TASK REQUIREMENTS — Everything from the line containing "Text Me Auburn Sweatshirt" through the final line below must be output exactly, both ends included, with nothing else and no pictures.
[[ MATERIAL FOR THIS TASK, beginning ]]
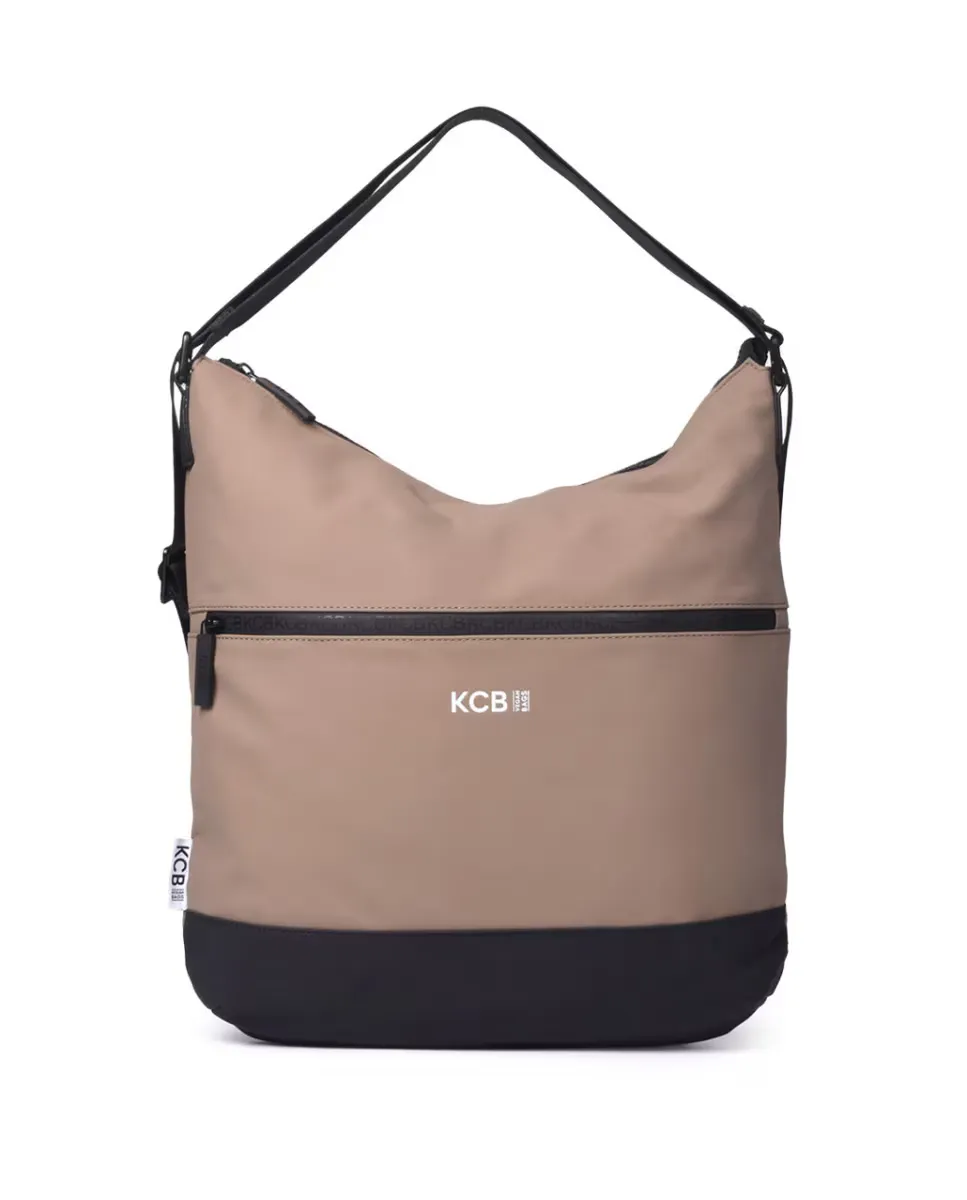 Сумка через плечо с несколькими положениями на основании цвета тауп Kcb, светло-коричневый
Сумка через плечо с несколькими положениями на основании цвета тауп Kcb, светло-коричневый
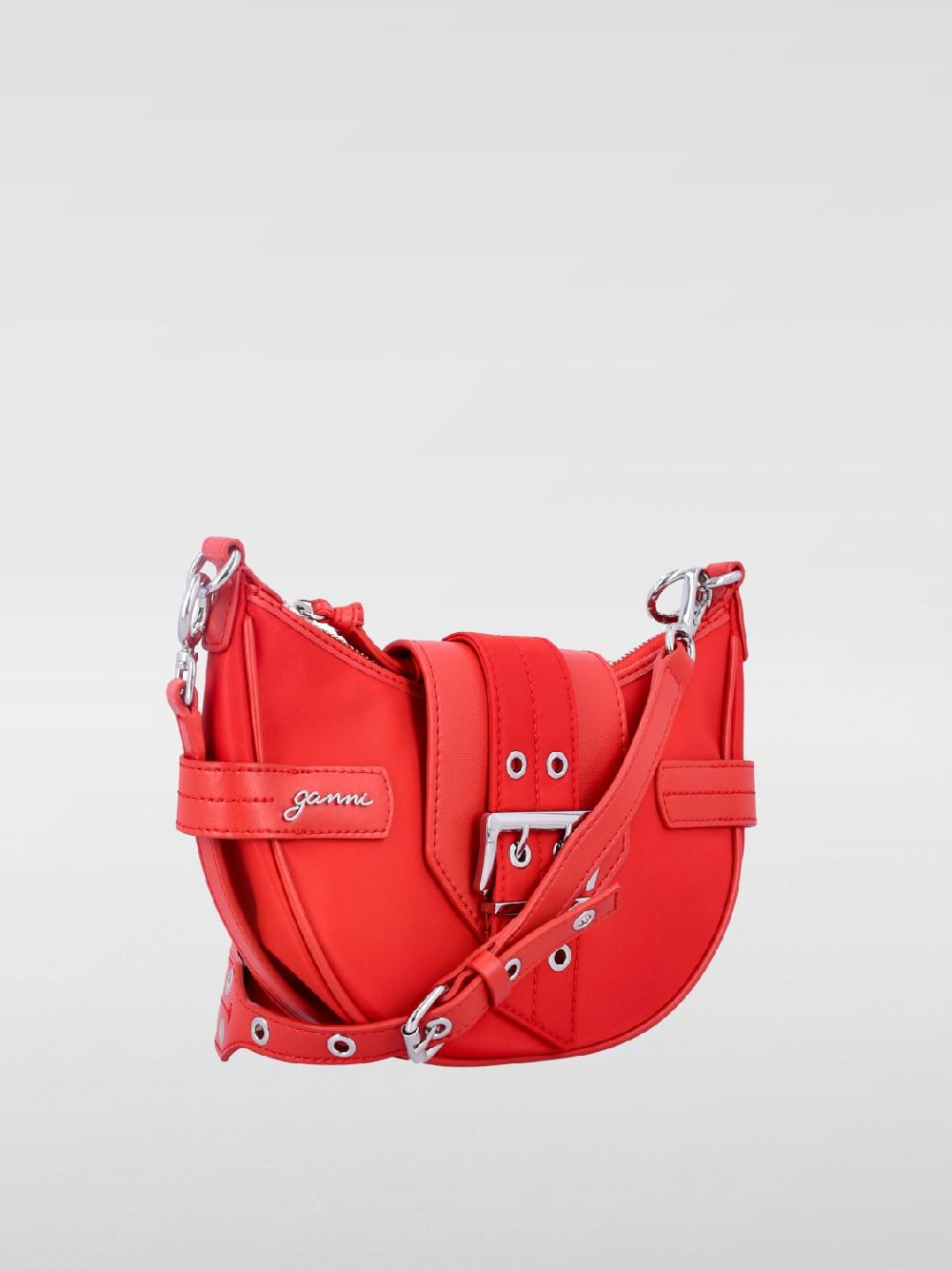 Giglio Borsa Bucky Ganni In Nylon Riciclato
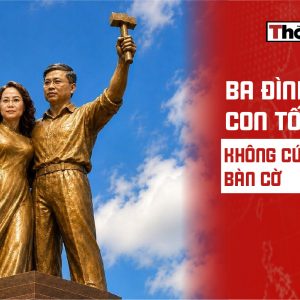Ba Đình: Con tốt thí không cứu được bàn cờ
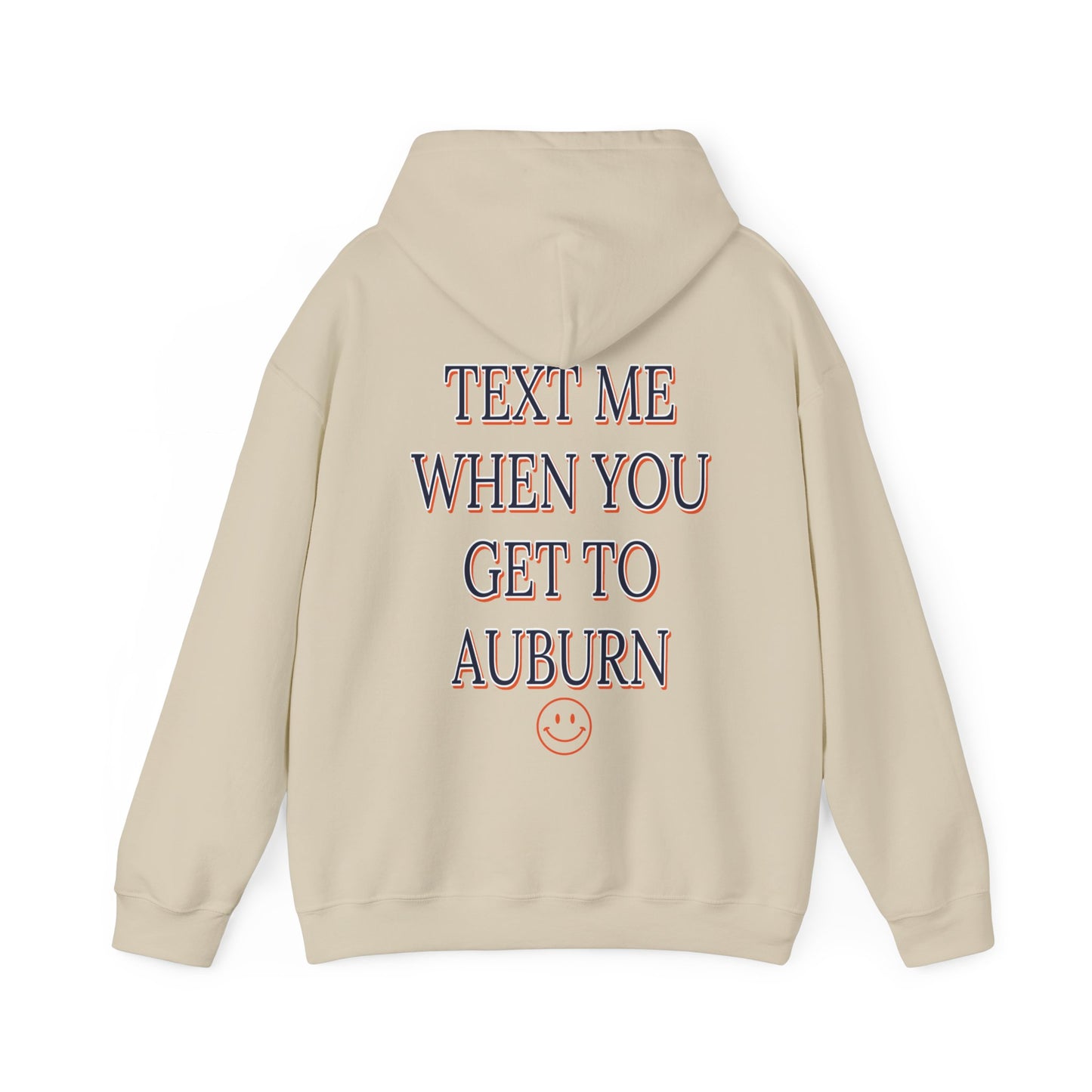 Text Me Auburn Sweatshirt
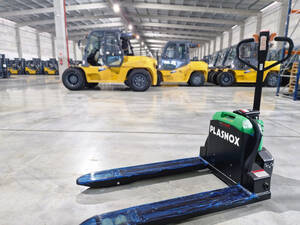 Paleteira Elétrica Plasnox 1.500Kg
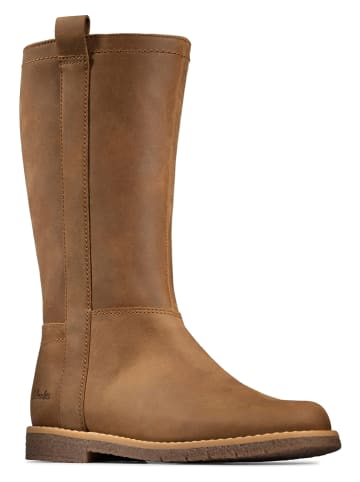 Clarks Leren laarzen "Comet Wild" lichtbruin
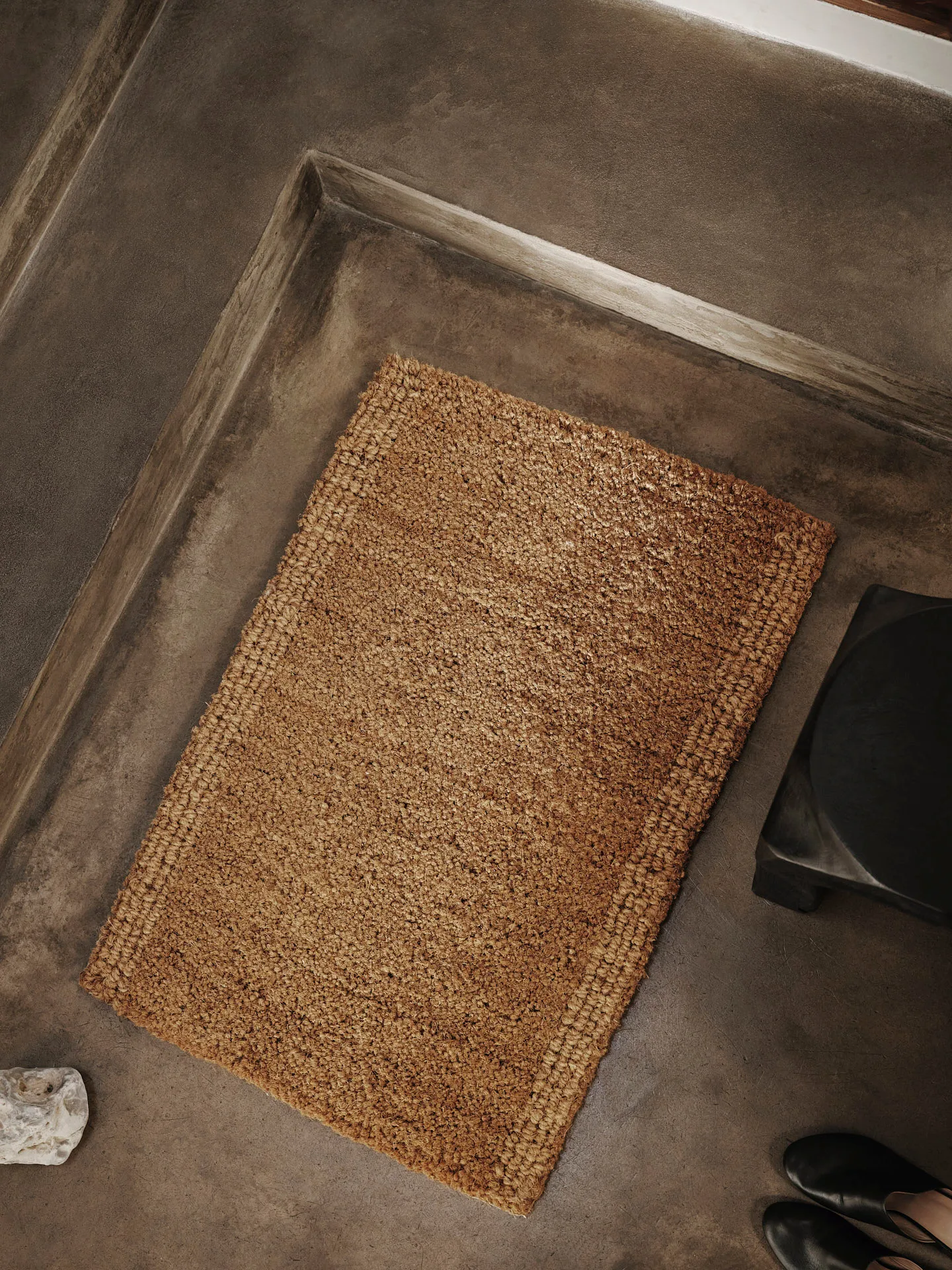 Coir ovimatto 60x90 cm, Natural Ferm Living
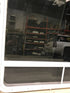 Used White Radius Opening Window : 47 1/2" W x 35 1/2" H x 2" D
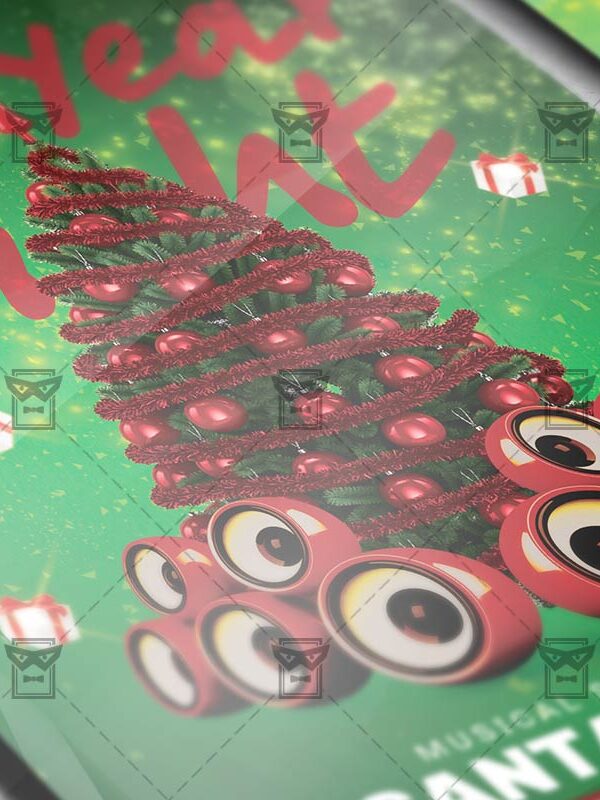 Download New Year 2019 PSD Flyer Template Now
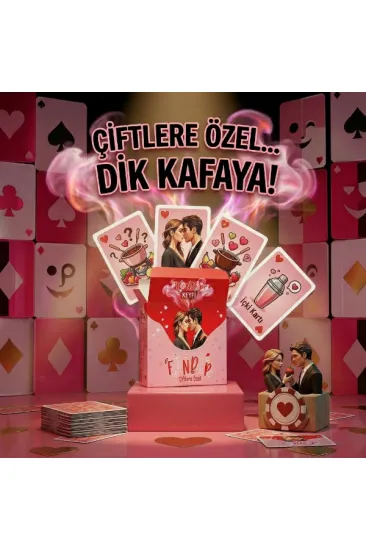 Fondip Çiftlere Özel Kart Oyunu Fondip Çiftlere Özel Kart Oyunu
[[ MATERIAL FOR THIS TASK, end ]]
RESPONSE TO THIS EXERCISE —
 Text Me Auburn Sweatshirt
 Paleteira Elétrica Plasnox 1.500Kg
 Clarks Leren laarzen "Comet Wild" lichtbruin
 Coir ovimatto 60x90 cm, Natural Ferm Living
 Used White Radius Opening Window : 47 1/2" W x 35 1/2" H x 2" D
 Download New Year 2019 PSD Flyer Template Now
 Fondip Çiftlere Özel Kart Oyunu Fondip Çiftlere Özel Kart Oyunu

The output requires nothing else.